Meanwhile, Sirkin – who holds patents in semiconductor processing, software design, color printing, flat panel displays and communications — is starting his own company (no details yet) and will continue working with Maverick.
“I am still better connected in Silicon Valley but I wasn’t connected in Israel, and Maverick has helped me connect to the industry and find good talent here,” says the former senior director of engineering at Apple.
Sirkin has a doctorate in chemistry from the University of California at Berkeley. On that politically active campus, his strong attachment to Israel began taking root.
“I was there when Zionism was branded as racism [by the UN] and the campus was going totally crazy, from my perspective. I confronted people who probably would have taken my life if they had the opportunity. When you encounter things like that, it hits you.”
Sirkin became involved in the Israel Action Committee, which was so successful in countering anti-Israel sentiment at Berkeley that its members began training peers at other colleges.
“Most of the people who were involved in this are now living in Israel – I was one of the last to arrive — and we’re all still good friends,” he says. “Some from that group, including my close friend Jon Medved [CEO of the OurCrowd VC in Jerusalem], went on to institutionalize the things we created at Berkeley.”

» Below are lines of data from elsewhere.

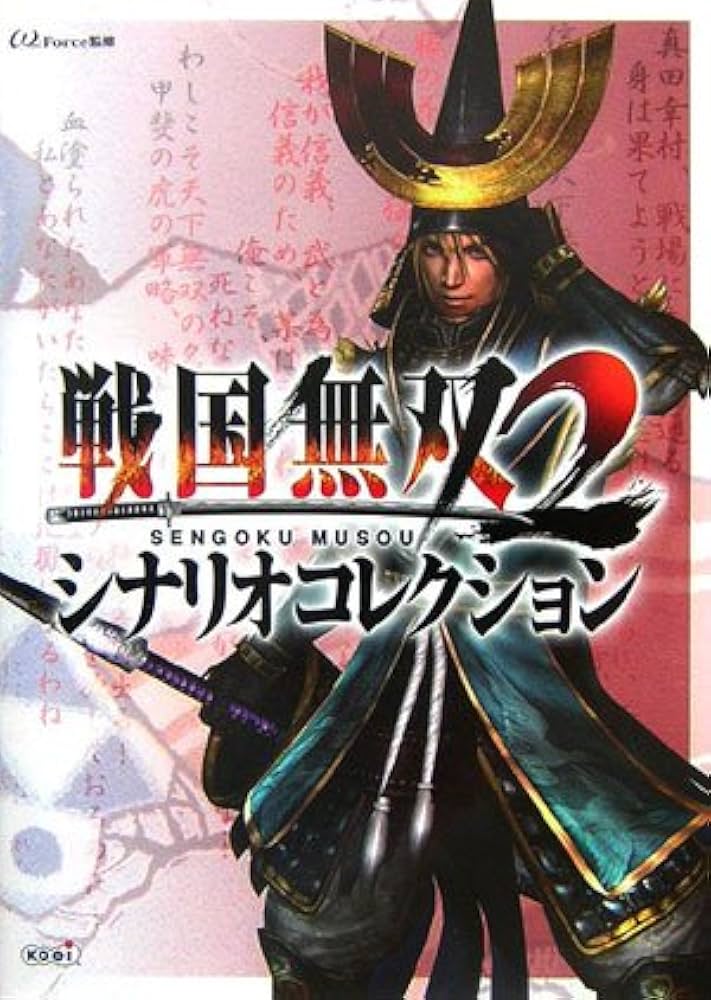 戦国無双2しおり 戦国無双2しおり 戦国無双2しおり 戦国無双2しおり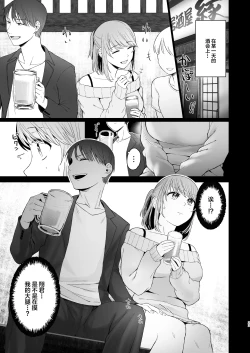 Page 66 of Kimi ni SeFri ga Ita Nante.| 没想到你居然有炮友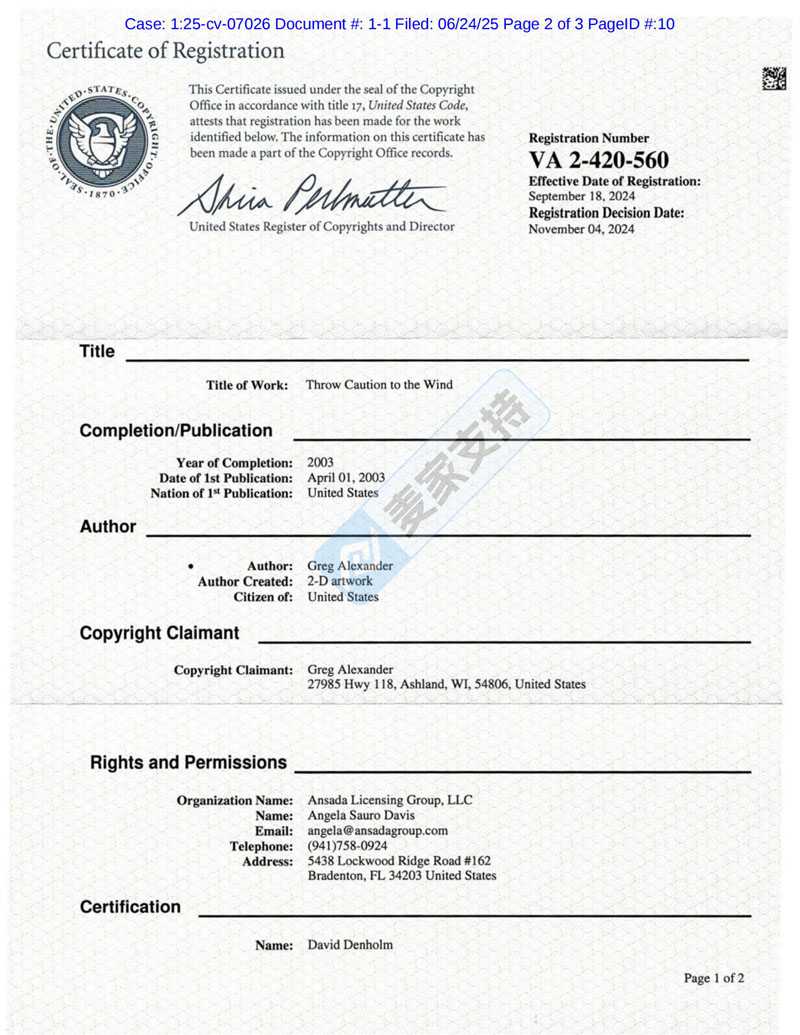 三起全新TRO案件速递！跨境新雷区上线，速排雷！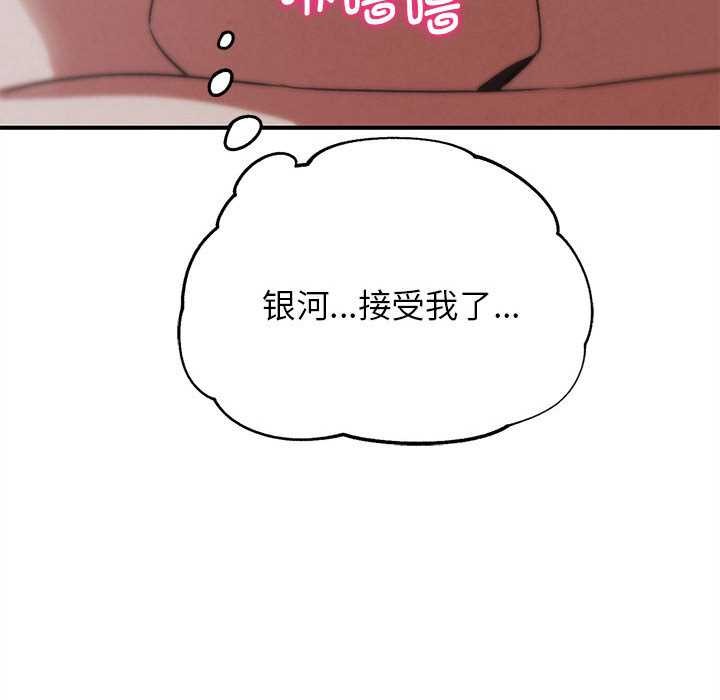 危险同学会第86話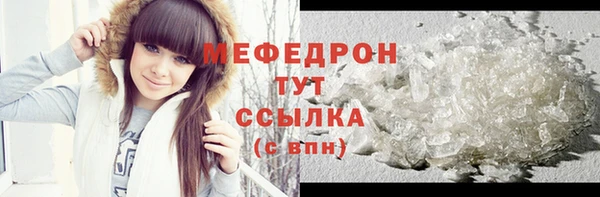 скорость Иннополис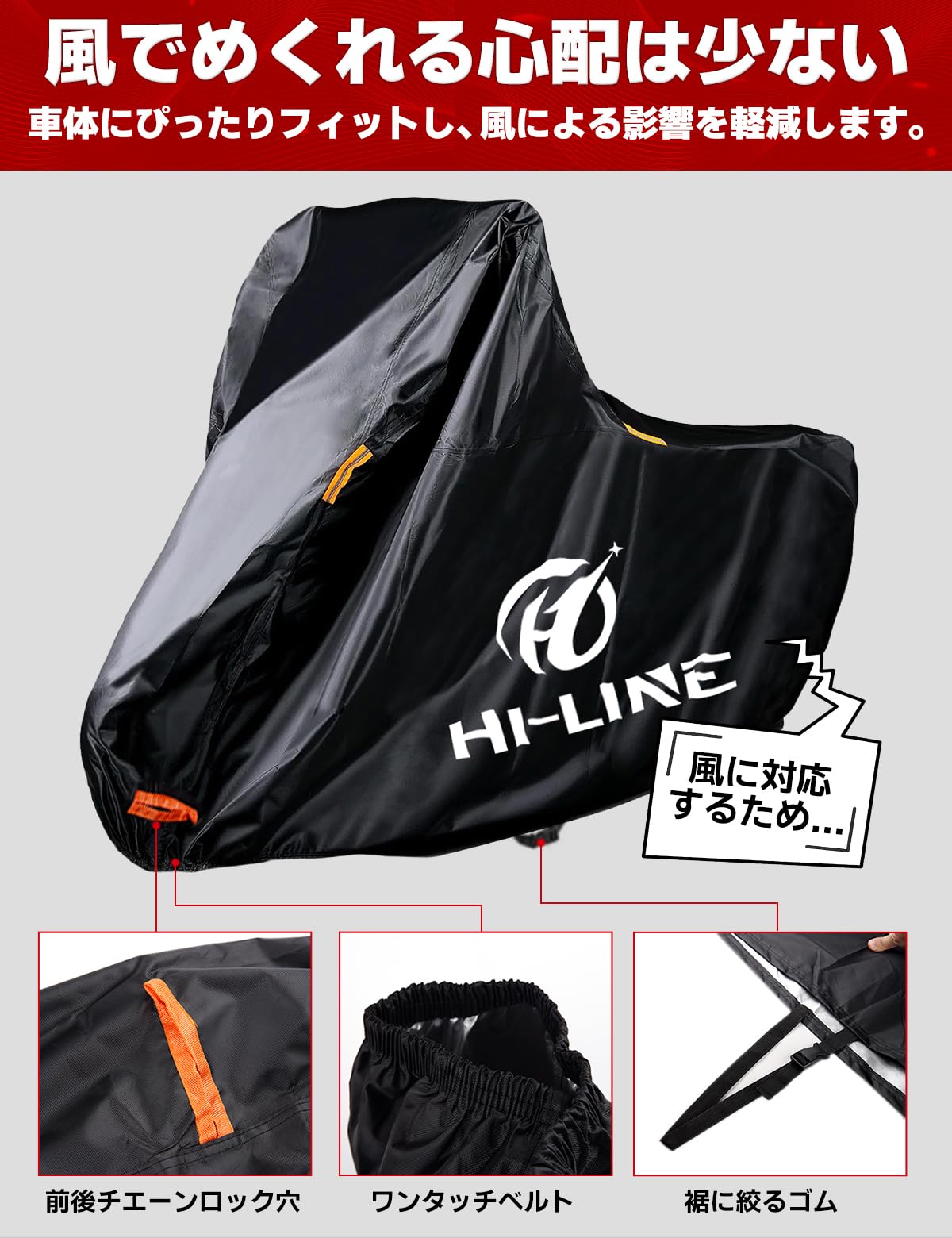 Amazon | HI-LINE バイクカバー PCX/PCX160専用 厚手 420D 防水カバー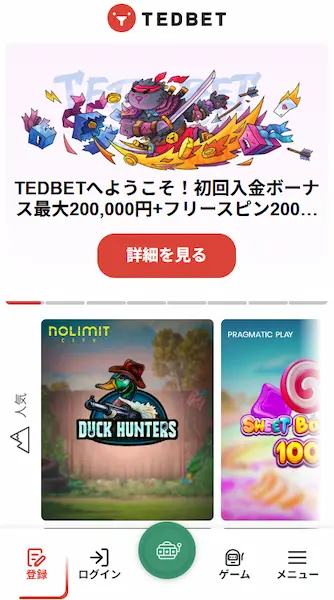 スロット フリースピン 日本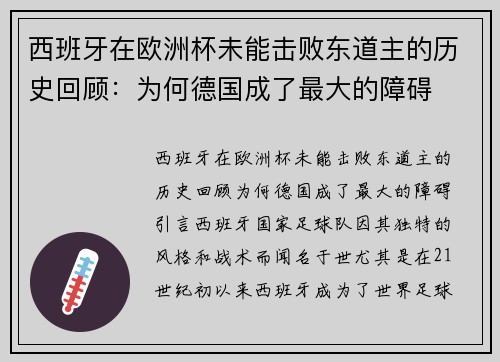 西班牙在欧洲杯未能击败东道主的历史回顾：为何德国成了最大的障碍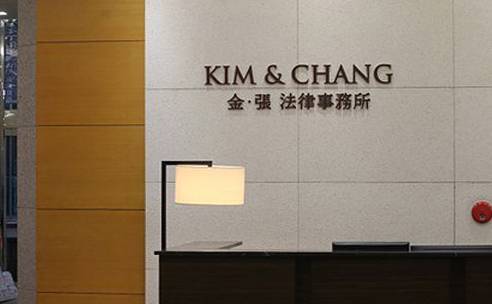 김앤장[헤럴드DB]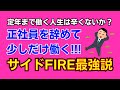 サイドFIREこそが毎日働きたくない会社員の理想の生き方である！【セミリタイア】【早期退職】【資産500万円で仕事を辞めてみた】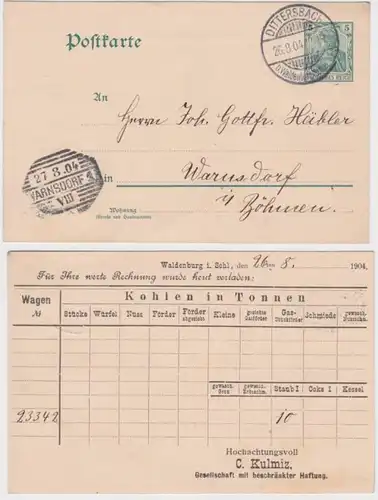89457 DR Ganzsachen Postkarte P50 Zudruck C.Kulmiz GmbH Waldenburg 1904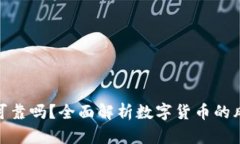 加密货币可靠吗？全面解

For three years prior to coming to Israel, Sirkin served on the board of the Israel Peace Initiative on Bay Area campuses. This organization assists students from Berkeley, Stanford and other Bay Area universities who advocate on behalf of Israel. It cooperates with other national Israel advocacy programs for college students, but fills a niche by focusing on local needs.
He has also been involved in the Israel Democracy Institute and the Israel Venture Network.
Effect on society
Sirkin met his future wife while doing post-doc work at the Hebrew University in Jerusalem from 1979 to 1980. Though he yearned to stay in Israel, after marrying in Rome the couple moved to San Francisco.
“After four years working at the Xerox Palo Alto Research Center, I was invited to become a faculty member in the department of applied physics [at Hebrew University], but my wife didn’t want to come back. We had two children at that point. So I remained.”
Professional success did not cloud Sirkin’s Zionist vision. After his marriage ended and his three daughters were grown, he moved to Jerusalem. His Maverick Group partners are his surrogate family.
“Money is money, but it’s the people who make the difference,” says Sirkin. “Many VCs look at the same types of industries and markets we look at. What makes us unique is the four of us.”
Maverick, headquartered in Tel Aviv’s trendy Rothschild district, is headed by Yaron Carni, a seasoned product of the Zell Entrepreneurship Center at IDC-Herzliya, the student business incubator that hatched LabPixies and other notable successes. The team is rounded out by Brazilian hedge-fund manager Michel Abadi and native New Yorker Joe Raby, who has operational and financial-services experience.
Sirkin is part owner of two sailboats docked at the Tel Aviv Marina and also enjoys scuba diving. He’s involved in charities including United Hatzalah, the Michael Levine Lone Soldier Center and Aish HaTorah in Tel Aviv.
“What I love about this country is things change really fast, and more often than not it’s for the better, so people here can have a quick effect on society,” he says. “One of the problems is the schism between the ultra-Orthodox and the ultra-secular, a mutual hate fest that is not constructive to building a great society. I work with organizations that try to bridge that gap.”